Gaze upon this glorious cover! Enlarge it. Look at it’s detail. Siiiiggghhhh!

I loved this novel. Loved it! It is thoroughly weird, beautifully written and I’m going to miss spending time with these characters now that I’m done. I read it slowly, savouring it. I found it moving and so incredibly sad at times, but it is a novel with such a big heart that I also laughed at other times.

This is post-apocalyptic fiction at its very best. At times you aren’t quite sure what you’re reading, but this is a quest book, trust the author, he is going to bend your mind and break your heart. Nico is wonderful, a character I just totally loved. When she meets a group of kids who have a history that ties them together, you just know that this is going to be a wonderful lot of relationships. Kit, my heart belongs to Kit, a treasure of a character. A ragtag group of kids facing danger, trying to survive a pandemic, killer flies who carry people off by sheer numbers lifting them up and carrying them away. It is horrific! I love the use of cinnamon as a deterrent to the flies.

There is so much, so very many ways that this book is amazing. It confirms that David Almond is one of my favourite authors for young people.

Thanks so much to Text for giving me access to this wonderful book. I loved it.

Furia by Yamile Saied Mendez

I don’t think I’ve ever read a book set in Argentina before and I really enjoyed reading about this sporty young woman and her hopes and dreams to be a professional soccer player. A life which is not what her parents have planned for her. Camila must practise and play her sport in secret, to keep her life separate from her family so as not to get into trouble with her volatile father and she doesn’t want to upset her mum. On top of this is the childhood friend Diego, whom she adores, and it turns out it is mutual, but he is in Italy, playing football for Juventus, far away and her heart pines for him.

I really enjoyed this book, read it quickly, though it has taken me a long time to write this. It has a slightly uneven pace but I think it works really well. The pace matches the fast paced games of soccer, and the angst that Camila feels is well written. I really loved the relationships she had with her family and the way that she decides to stand up to her dad.

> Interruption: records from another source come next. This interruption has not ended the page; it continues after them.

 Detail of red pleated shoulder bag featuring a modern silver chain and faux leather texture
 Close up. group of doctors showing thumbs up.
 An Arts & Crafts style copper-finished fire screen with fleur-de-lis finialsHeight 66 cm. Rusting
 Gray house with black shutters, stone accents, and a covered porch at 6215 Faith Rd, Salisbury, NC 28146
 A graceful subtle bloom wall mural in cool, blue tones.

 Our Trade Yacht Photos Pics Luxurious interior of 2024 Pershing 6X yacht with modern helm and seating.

Great book for young people to read a different perspective on life, to learn about life in Argentina and for those who love a sport book which is well written, those are few on the ground. Great book for a school library.

Thanks to Netgalley and the publisher for giving me access to this book.

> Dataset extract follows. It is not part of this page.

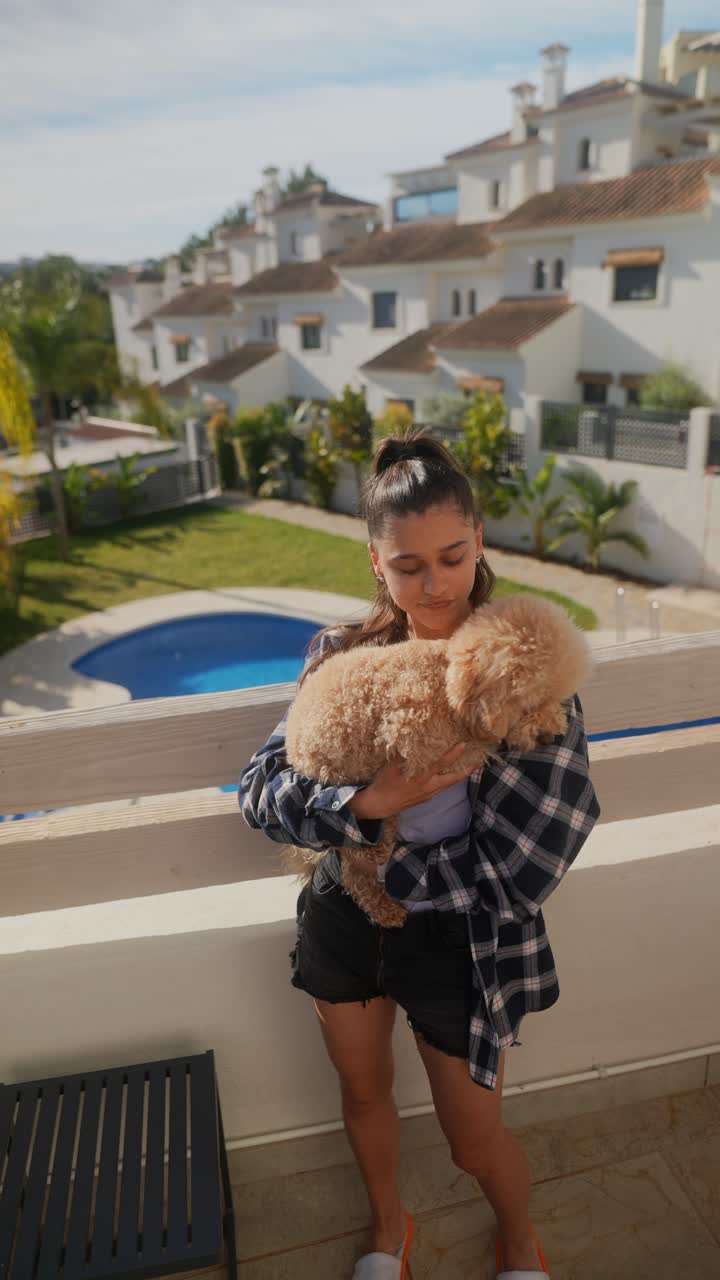 mujer joven con perro en el balcón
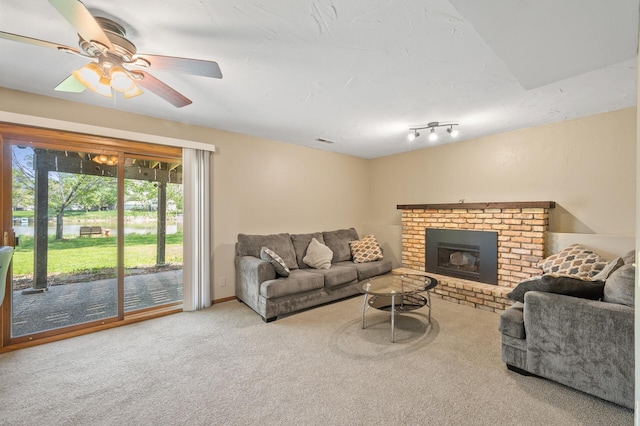 carpeted living room with a ceiling fan and a brick fireplace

All Our Shimmering Skies by Trent Dalton

There is something about Trent Dalton’s writing that I love, his short sentences, slightly disjointed sometimes stuttery ways should irritate me, but they really don’t. I find them engaging, and gripping. I can’t wait to read the next page.

This is Molly Hook’s book, she is gutsy and brave and has the most unusual sidekick you can imagine. A shovel called Bert. Look, it all sounds so silly but it just works. Molly is the gravedigger’s daughter, and the daughter of a mother who was a dreamer, literature lover, and disappointed woman, a woman whose potential was never realised. Molly has grown up in abject poverty, she is a little girl who is used to making do, used to dealing with a drunken father and an abusive uncle, and she takes solace in poetry and the books her mother owned. She is used to being alone. But Molly’s uncle has a girlfriend who is a delight, Greta is a beautiful drunk with a bad reputation but a heart of gold. She is an actress in a town that doesn’t appreciate her talents with an abusive boyfriend who she can’t leave behind. And Greta loves Molly.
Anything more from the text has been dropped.